Shared control of ‘content’ makes visiting these sites compulsive and addictive. Their visitors are not a passive audience but ‘users’ with a big say in determining what they read and see — in effect, co-directors of content creation on their own behalf. On Google, they are looking at responses to search queries that they design themselves; searches as varied and frequent as they wish. The UK Press Gazette noted earlier this month that research by the Reuters Institute shows that ‘social media has overtaken print as a source of news in the UK and that Facebook is by far the most popular social network.’
How can newspapers steal some of Facebook’s thunder?
It is worth noting that The Guardian — in the first year or so after it launched its Comment-is-Free site about a decade ago — could have become far bigger and more powerful than Facebook is today if it had only stayed true to its original mission, in opening up its platform to readers.
What did the Guardian get right in its conception of Comment-is-Free?

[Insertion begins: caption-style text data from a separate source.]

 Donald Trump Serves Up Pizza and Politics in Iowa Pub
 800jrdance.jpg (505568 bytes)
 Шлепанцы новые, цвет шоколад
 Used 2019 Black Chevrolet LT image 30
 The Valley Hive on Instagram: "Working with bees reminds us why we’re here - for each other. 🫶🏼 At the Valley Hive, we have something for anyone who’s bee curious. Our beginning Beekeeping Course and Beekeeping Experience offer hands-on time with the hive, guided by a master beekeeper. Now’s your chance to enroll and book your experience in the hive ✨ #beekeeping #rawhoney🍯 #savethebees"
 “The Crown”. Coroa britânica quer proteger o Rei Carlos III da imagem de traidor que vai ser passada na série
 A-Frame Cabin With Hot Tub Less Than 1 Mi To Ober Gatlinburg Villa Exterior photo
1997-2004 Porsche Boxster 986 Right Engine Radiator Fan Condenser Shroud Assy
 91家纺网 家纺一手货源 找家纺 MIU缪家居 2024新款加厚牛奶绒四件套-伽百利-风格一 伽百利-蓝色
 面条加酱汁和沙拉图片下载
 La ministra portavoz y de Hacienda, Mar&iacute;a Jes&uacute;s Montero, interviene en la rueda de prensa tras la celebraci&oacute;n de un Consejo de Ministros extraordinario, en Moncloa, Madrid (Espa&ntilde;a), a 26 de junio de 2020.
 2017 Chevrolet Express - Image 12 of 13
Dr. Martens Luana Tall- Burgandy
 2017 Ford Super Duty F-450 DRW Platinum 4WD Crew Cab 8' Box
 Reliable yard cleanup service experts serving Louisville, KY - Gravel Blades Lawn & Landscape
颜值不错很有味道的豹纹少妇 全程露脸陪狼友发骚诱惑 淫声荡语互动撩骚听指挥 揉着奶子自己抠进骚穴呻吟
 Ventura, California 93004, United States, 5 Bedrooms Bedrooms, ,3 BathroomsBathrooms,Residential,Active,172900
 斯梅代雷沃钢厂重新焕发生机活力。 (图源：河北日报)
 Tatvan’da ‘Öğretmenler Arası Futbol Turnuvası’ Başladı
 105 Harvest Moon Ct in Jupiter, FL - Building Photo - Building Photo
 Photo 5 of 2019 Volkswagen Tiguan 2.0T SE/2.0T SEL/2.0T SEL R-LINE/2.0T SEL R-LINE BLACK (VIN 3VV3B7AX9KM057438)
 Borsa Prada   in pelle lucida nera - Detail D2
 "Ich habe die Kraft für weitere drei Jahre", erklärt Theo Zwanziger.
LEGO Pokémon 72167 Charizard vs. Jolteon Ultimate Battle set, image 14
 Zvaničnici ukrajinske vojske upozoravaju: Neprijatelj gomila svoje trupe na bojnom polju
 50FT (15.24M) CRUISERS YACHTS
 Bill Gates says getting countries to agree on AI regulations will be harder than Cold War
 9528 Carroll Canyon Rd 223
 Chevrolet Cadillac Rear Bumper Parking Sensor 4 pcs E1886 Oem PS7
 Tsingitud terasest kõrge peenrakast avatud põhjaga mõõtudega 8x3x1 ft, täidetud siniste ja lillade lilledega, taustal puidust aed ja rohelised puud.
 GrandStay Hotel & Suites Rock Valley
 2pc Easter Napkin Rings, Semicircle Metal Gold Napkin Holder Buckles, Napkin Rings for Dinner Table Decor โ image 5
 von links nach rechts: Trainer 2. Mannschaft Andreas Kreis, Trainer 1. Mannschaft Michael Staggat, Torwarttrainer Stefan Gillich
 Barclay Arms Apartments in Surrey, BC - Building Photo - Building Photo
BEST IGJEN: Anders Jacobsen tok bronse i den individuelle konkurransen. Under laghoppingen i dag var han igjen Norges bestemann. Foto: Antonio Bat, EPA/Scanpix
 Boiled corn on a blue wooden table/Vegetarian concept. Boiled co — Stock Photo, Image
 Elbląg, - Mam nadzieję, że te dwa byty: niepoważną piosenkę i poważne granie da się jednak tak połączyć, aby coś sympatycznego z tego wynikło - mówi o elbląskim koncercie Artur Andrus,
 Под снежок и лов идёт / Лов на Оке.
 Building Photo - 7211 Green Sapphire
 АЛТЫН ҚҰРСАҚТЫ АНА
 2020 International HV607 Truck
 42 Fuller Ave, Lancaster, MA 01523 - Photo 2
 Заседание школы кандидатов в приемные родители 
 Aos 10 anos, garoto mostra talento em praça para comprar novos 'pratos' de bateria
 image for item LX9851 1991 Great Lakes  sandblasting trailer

It glimpsed the power and potential of symphysis. The newspaper’s leaders, notably Alan Rusbridger and the late Georgina Henry, invited readers commenting on its articles to create a community and virtual clubs with other commenters — by linking from Comment-is-Free to their own, personal blogs elsewhere on the web. This was symphysis put into practice. For example, someone passionate about cats could post links in a comment on a Guardian article about moggy ownership and mental health — to his Siamese cat blog, and perhaps his self-published coffee-table books of photographs on the subject. He could charm or challenge other Guardian site visitors, tempting them to click on his links with comments that amuse or annoy them — and, from their responses, gauge which segment of the paper’s readership, if any, contains his natural audience, and how large that audience might be. He would, in effect, be getting help from The Guardian with market research and publicity not easy to obtain in any other way. In return, cat-loving readers would boost the newspaper’s page views, magnetising new visitors and commenters who got wind of the discussion-in-progress.
Like the Siamese lover, serious professional writers, artists and scholars seeking to draw attention to their work and ideas could create and discover their own forms of symbiosis with the site.
What stopped Comment-is-Free from living up to its promise?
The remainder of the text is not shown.